== Exercise instructions ==
Everything in the records below from the line containing "Modelo de Cartaz" through the line containing "Upholstered Simple Modern" is to be reproduced exactly, those two lines included; no picture is to be copied.

== Source data ==
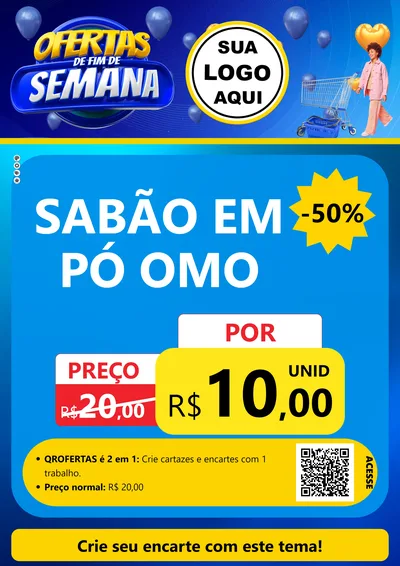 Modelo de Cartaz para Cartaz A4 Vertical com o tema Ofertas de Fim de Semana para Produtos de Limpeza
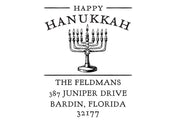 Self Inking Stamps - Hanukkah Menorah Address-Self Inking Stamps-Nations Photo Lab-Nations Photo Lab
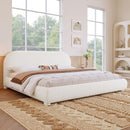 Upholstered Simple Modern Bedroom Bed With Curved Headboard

...

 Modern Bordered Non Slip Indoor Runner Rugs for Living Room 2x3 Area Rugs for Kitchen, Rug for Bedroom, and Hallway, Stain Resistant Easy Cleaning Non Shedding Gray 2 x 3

== Written solution ==
 Modelo de Cartaz para Cartaz A4 Vertical com o tema Ofertas de Fim de Semana para Produtos de Limpeza
 Self Inking Stamps - Hanukkah Menorah Address-Self Inking Stamps-Nations Photo Lab-Nations Photo Lab
 Upholstered Simple Modern Bedroom Bed With Curved Headboard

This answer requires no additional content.